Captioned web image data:
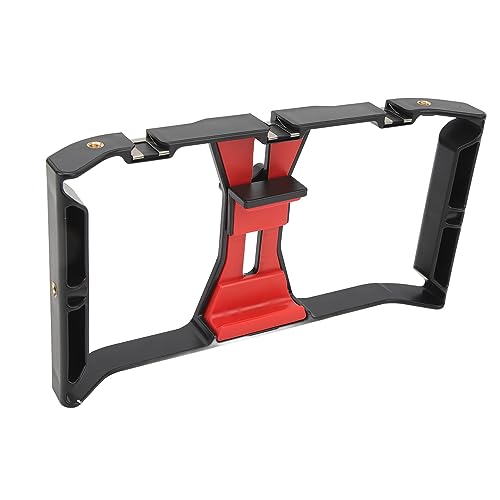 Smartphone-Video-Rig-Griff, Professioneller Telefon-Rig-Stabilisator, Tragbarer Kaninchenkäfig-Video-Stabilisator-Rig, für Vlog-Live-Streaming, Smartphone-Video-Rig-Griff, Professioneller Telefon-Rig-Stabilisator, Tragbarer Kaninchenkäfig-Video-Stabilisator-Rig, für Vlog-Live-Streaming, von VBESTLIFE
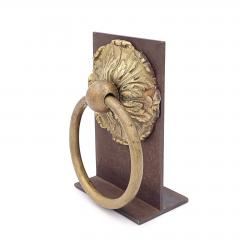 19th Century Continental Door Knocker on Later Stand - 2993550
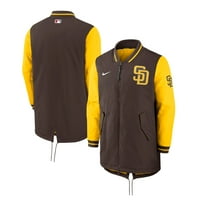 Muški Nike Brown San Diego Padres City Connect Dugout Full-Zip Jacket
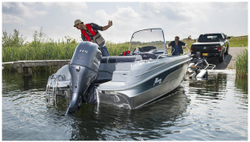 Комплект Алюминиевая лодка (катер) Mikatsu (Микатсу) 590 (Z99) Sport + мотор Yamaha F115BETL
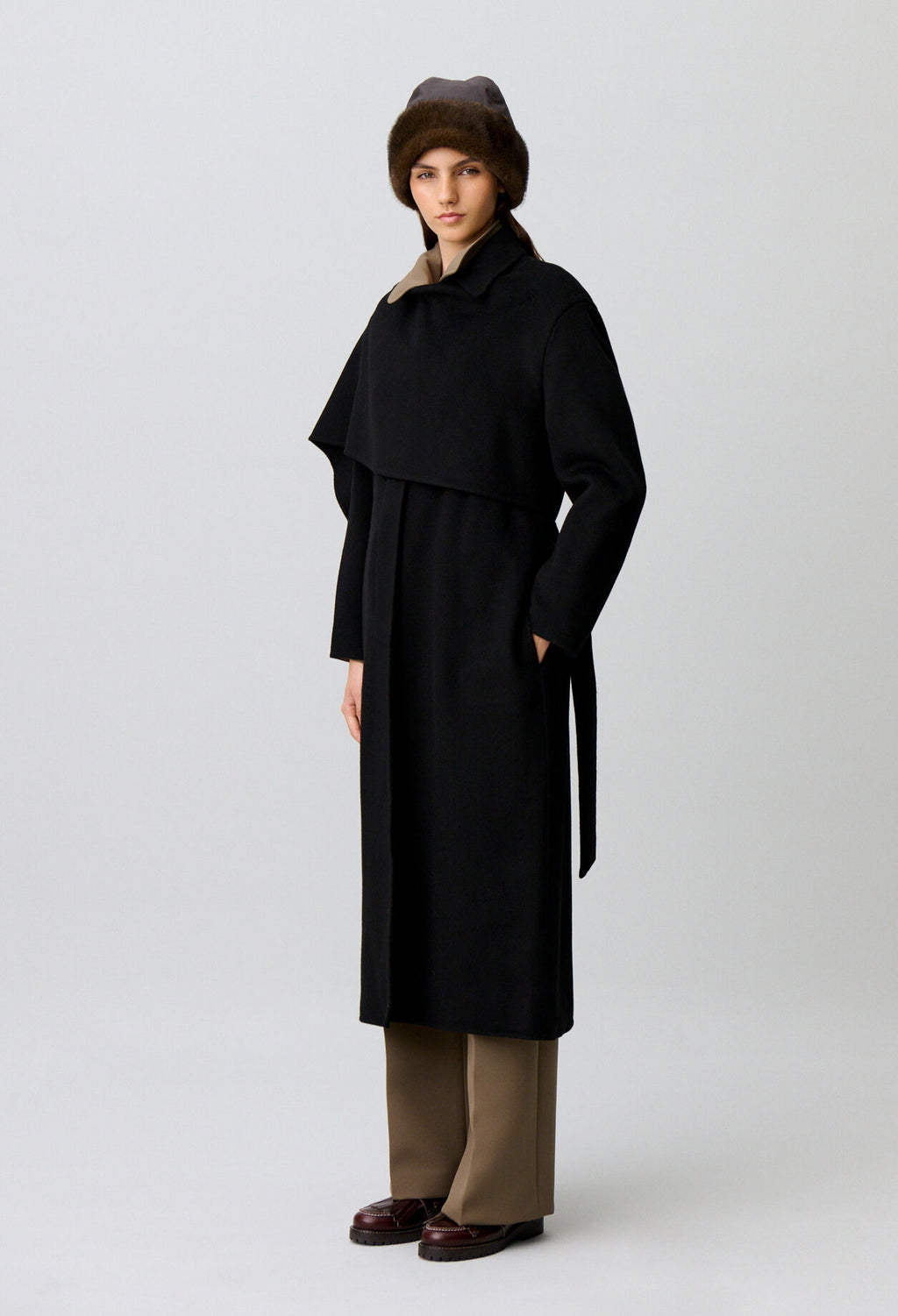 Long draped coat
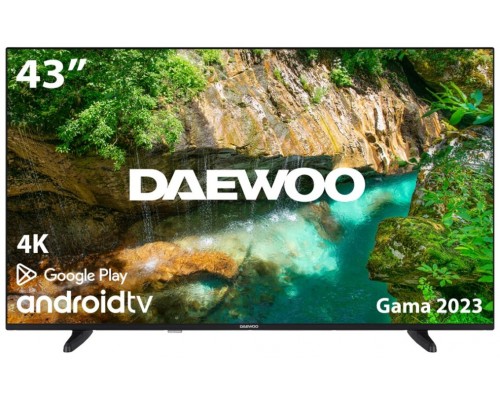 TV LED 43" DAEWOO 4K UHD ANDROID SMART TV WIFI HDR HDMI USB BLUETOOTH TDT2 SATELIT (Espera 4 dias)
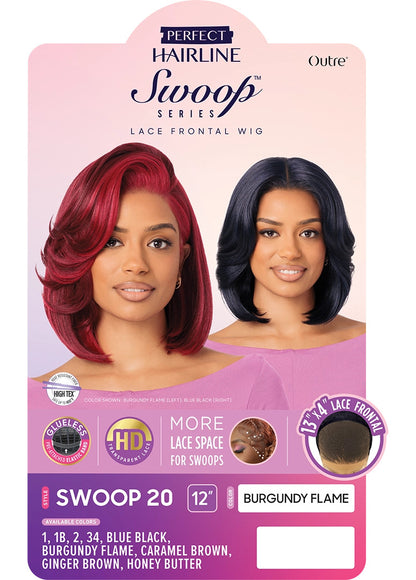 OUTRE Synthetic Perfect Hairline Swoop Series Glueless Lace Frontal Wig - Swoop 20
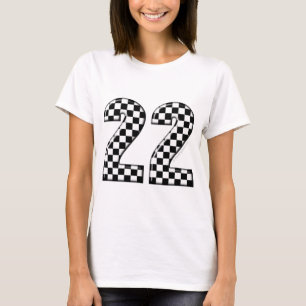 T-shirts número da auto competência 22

Task goal:
Set down exactly, line for line, the data from the line that contains "Muški Nike Brown" through its last line, keeping pictures out.

Finished exercise:
 Muški Nike Brown San Diego Padres City Connect Dugout Full-Zip Jacket
 Комплект Алюминиевая лодка (катер) Mikatsu (Микатсу) 590 (Z99) Sport + мотор Yamaha F115BETL
 Long draped coat
 TV LED 43" DAEWOO 4K UHD ANDROID SMART TV WIFI HDR HDMI USB BLUETOOTH TDT2 SATELIT (Espera 4 dias)
 OUTRE Synthetic Perfect Hairline Swoop Series Glueless Lace Frontal Wig - Swoop 20
 T-shirts número da auto competência 22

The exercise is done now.